Set up a Goal for bills

First of all, you need to work out your monthly budget. Tot up all your monthly expenses, including the big hitters like rent and household bills, as well things like gym membership and car insurance and travel cards. Don’t forget to add all the subscriptions you have: Netflix, Spotify, and Audible, for example. This also a good time to cancel those subscriptions you don’t use – I’m the queen of signing up for trials of magazine subscriptions and paid-for apps, before promptly forgetting all about them. Ditch them!

Use our online Budget Planner to work out your expenses.

Your first Goal will be for Bills, so name it accordingly. In an ideal world, we’d all have our Direct Debits coming out on one day (the day after payday!) but it’s not always possible to change every single one. With this method, it doesn’t matter when the bill comes out, because you’ll always have the money set aside.

Create five more Goals for weekly spending

Your weekly spending should include absolutely everything you spend day to day, such as food shopping, coffees, meals/drinks out and any kind of entertainment you might pay for (don’t worry about including things like clothes or gifts, those go in a separate pot). Jot down the figure.

Start by making four Goals, one for each week of the month. Label each one with a date e.g. if you get paid on the 1st of each month, they should be 1st, 8th, 15th and 22nd. Then transfer the amount that you’ve calculated you need for your weekly spending into all four. Make one more Goal and name it ‘Last Bit of the Month.’ Stash a bit extra for those last few days before payday.

To make the technique work, you then top up your current account at weekly intervals, withdrawing from each of your Goals in turn. I find it really reassuring to see the separate pots of money all marked out.

Make a ‘Monthly Extras’ Goal

This is for all the extra things you might want to buy that aren’t essential. It could be anything from clothes to toiletries, the hairdresser, birthday presents or spending money on a weekend away. I’m currently spending all my extra income on my upcoming wedding (who knew canapés were so expensive?), so sadly my monthly extras Goal is rather sorry looking. But in the past my monthly extras pot has come in handy for everything from new outfits to Mother’s Day presents. When you spend on an extra, you then transfer that amount from the Goal to the regular account.

It’s up to you how much you put in Monthly Extras – you know how much you’re likely to spend and how much extra you can get away with. The good thing about this pot is you can keep tabs on how many treats you’re allowing yourself each month, without letting things escalate into a full-blown splurge.
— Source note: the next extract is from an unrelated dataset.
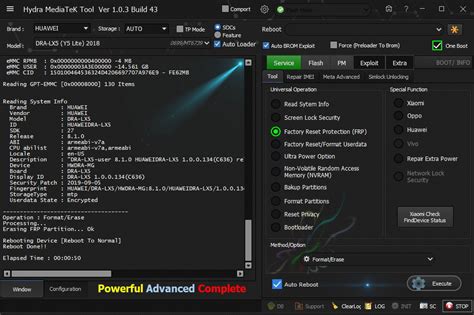 Hydra - Huawei DRA-LX5 (Y5 Lite 2018) FRP partition successfully ...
Set up at least one savings Goal

Hopefully, after paying your bills, spending a set amount each week and indulging in a few extras, there should be something left over to save. Calculate how much you can afford to save each month without living a miserable existence, and set this aside on payday each month.

Whatever you do, absolutely do not wait until the end of the month to see what you have leftover – that might work for a select few, but most of us will end up spending it.
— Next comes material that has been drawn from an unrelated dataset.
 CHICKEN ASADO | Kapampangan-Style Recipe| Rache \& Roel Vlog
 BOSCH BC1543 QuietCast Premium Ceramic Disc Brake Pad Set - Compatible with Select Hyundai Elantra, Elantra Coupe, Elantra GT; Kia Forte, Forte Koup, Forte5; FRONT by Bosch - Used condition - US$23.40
You may want to have multiple savings pots for things like holidays or Christmas. You may even want to set up a pot for rainy days - the current Coronavirus situation shows just why that can be important. Try not to dip into these savings pots unless you absolutely have to.
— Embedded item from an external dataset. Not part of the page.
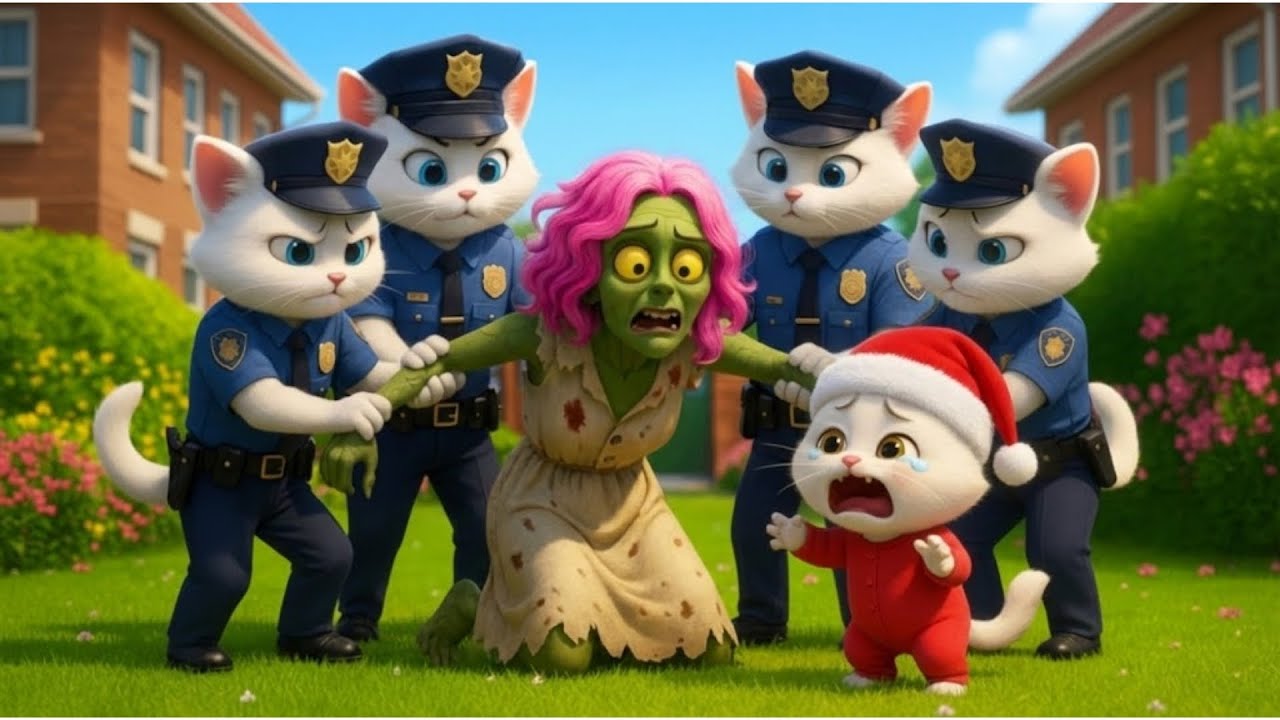 😱🎄 A Zombie Grandma Enters the Kitten’s House on Christmas… What Happens Next? 🧟💖🐱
I’d love to say I’m organised enough to have a Christmas fund on the go all year, but that would be a lie. I do like to have something put aside for weekends away though – what’s the point in going away if you have to watch the pennies while you’re there?

Budget help

Piggybanking helped me get control over my spending and know where my money was going. It also helped me get out of the red and set aside savings each month. I can’t pretend I’m suddenly some sort of financial guru – I still overspend sometimes. But the end of the month is now a bit less stressful, and I know I should always have enough to cover day to day life, with something left over for a rainy day.